E dizer que a corrupção é o maior crime é um erro. É um dos maiores, junto com tráfico de drogas e terrorismo. Os três dependem de estruturas financeiras, dependem de paraísos fiscais. Eles se chamam paraísos fiscais porque facilitam a evasão fiscal, o não pagamento de impostos. É isto que movimenta a rede de lavagem de dinheiro no mundo.
O Lula representa muito para todos nós. Naquele memorável discurso de São Bernardo ficou claro para nós que ele de fato não é uma pessoa física. Ele é uma ideia. Por isso ele disse “não adianta vocês me prenderem porque vivo ou morto, preso ou solto, condenado ou absolvido, eu estarei na eleição de 2018”.
As pessoas às vezes viram símbolos.
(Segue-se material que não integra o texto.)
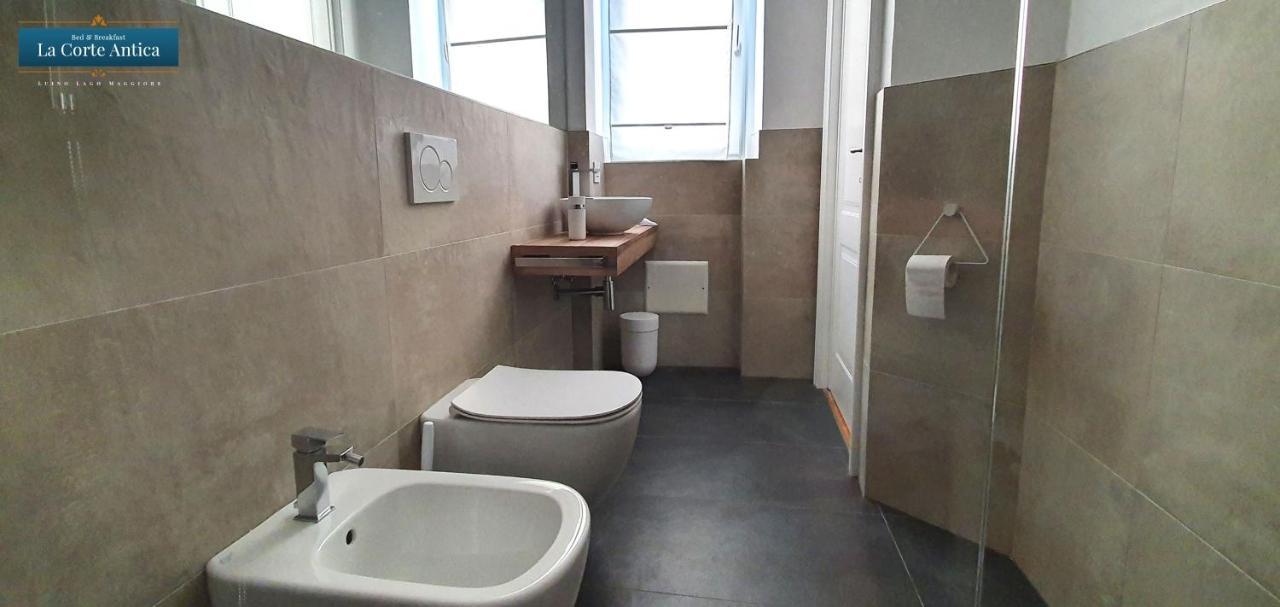 B&B La Corte Antica - Luino Lago Maggiore Ngoại thất bức ảnh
Ele é símbolo de um outro mundo possível no Brasil. Ele é símbolo da possibilidade de você crescer e ver a criação de oportunidade para o povo crescer.
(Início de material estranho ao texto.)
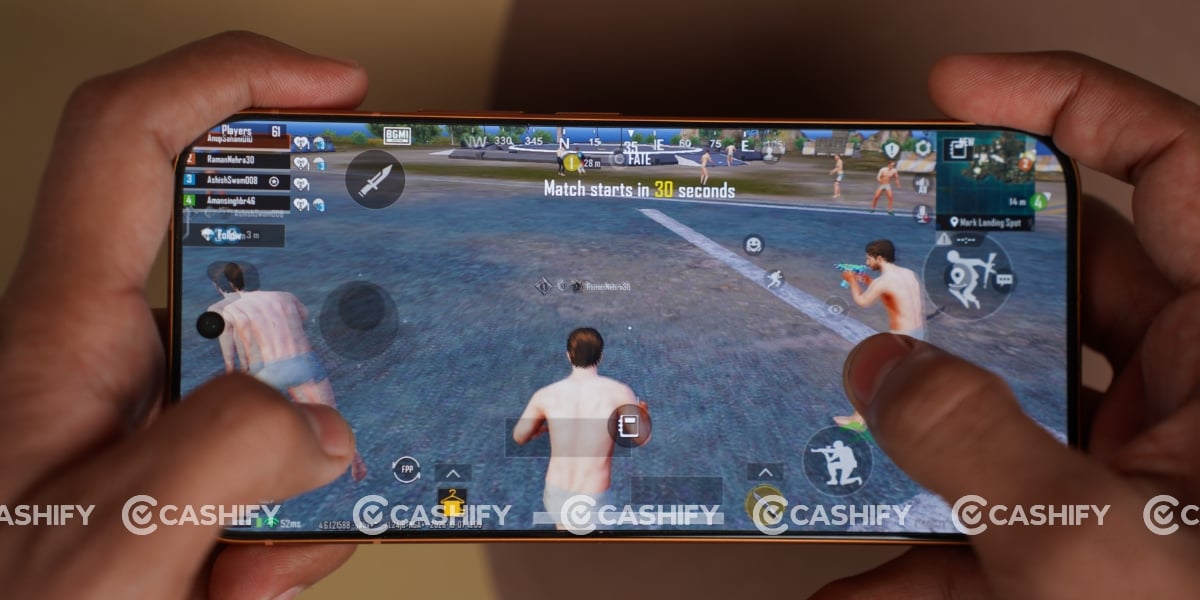 Vivo V80 gaming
Ele é símbolo para muitos povos do mundo. Mas para o nosso povo, ele é símbolo para o pedreiro, para a empregada doméstica, para o operário, para o professor, para o intelectual…
E Lula é a única arma que nós temos, hoje, para derrotar o retrocesso que estão impondo ao Brasil e o violento enquadramento do Brasil no neoliberalismo. Enquadramento que eles ainda não conseguiram. Eles precisam de um nível mínimo de legitimidade para vender parte da Petrobras, de um nível mínimo de legitimidade para nos ameaçar com a reforma da previdência.
O Lula pode acabar com a vergonha que o Brasil está passando: o desemprego, o maior deficit fiscal de todos os tempos, o menor investimento público em 50 anos… O povo brasileiro reconhece em Lula o contrário de tudo isso.
Por isso ele está encarcerado. Eu temo pela vida do Lula. Não sei até onde irão. Temo pela comida que ele ingere, pela água que ele bebe. Temo porque eles foram capazes de impedir a visita do Prêmio Nobel da Paz, Perez Esquivel, e Leonardo Boff, a maior liderança religiosa alternativa do Brasil. Temo porque eles impediram até o médico de visitá-lo.
O Brasil está sendo mais duro com Lula, que está cumprindo pena, do que a ditadura foi conosco, que também estivemos presos e, passada a fase de absoluta ilegalidade e de torturas, acabávamos nos tornando presos legais e tinhamos direito a visitas. Isto acontece porque eles temem o Lula. Uma das razões do isolamento de Lula é que ele fala muito, e fala criticamente. Isto foi dito por eles.
Solitária é uma forma de punição. A gente depende do rosto do outro para viver. A gente depende do olhar, a gente depende do sorriso. Por isso é muito grave o que estão fazendo com Lula. Ele está sendo isolado. E eu não sei se quem isola não pode cometer outros delitos.
Lula é inocente. Por ser inocente, tem que estar livre. Estão cometendo um crime contra ele. Ele não tem que estar livre por ser um líder político. Tem de estar livre porque é inocente. Este processo que o condenou é uma vergonha, uma vergonha que contraria qualquer princípio de direitos humanos.
Todos nós devemos temer pelo Lula. Todos nós devemos estar atentos para denunciar qualquer novo ato de arbítrio em relação ao Lula.
Livre ou preso ele será presidente da República federativa do Brasil.